UNITY Youth leader collects water for Navajo residents after mine spill
A Mesa UNITY youth leader is collecting bottled water for Navajo Nation residents after the Environmental Protection Agency triggered a spill that sent three million gallons of wastewater from an abandoned Colorado mine into the Animas River earlier this month. The spill caused the river, which runs into the San Juan River on the Navajo Nation, to turn into a yellow orange sludge. Nicole Lucero,18, a member of the Navajo Nation, has collected dozens of cases of bottled water to distribute to those immediately affected by the spill. Lucero, who now lives in Mesa, grew up near the towns of Farmington and Aztec, New Mexico, which are close to the San Juan River.
The EPA confirmed the wastewater contained zinc, iron, copper and other heavy metals. Federal and tribal officials, who have been testing the water, now say the quality of the San Juan River water on the Navajo Nation has returned to what it was before the spill. However, Navajo Nation leaders fear the spill will affect the tribe for decades to come as tribal farmers and ranchers use the water for crops and livestock. Navajo Nation President Russell Begaye says he wants the EP to remove all contaminated sediment from the San Juan River and expects the agency to pay for his tribe’s hardships and expansive emergency response.

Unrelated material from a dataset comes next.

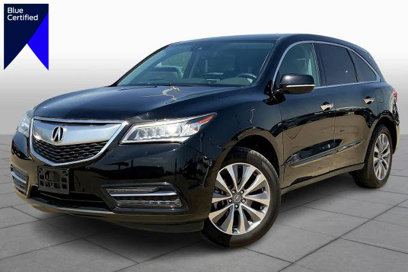 Used 2016 Acura MDX FWD w/ Technology Package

“I started the water drive because I grew up near the river. I loved going to the park that the river ran through. Now that I don’t live there anymore, it saddens me that my childhood memory has been contaminated by the federal government. As a child, my grandfather would take us to the river and pray. He told us ‘We must protect Mother Nature for she is our home.'” Lucero, who used the UNITY headquarters as a drop off site, will deliver the water in the near future.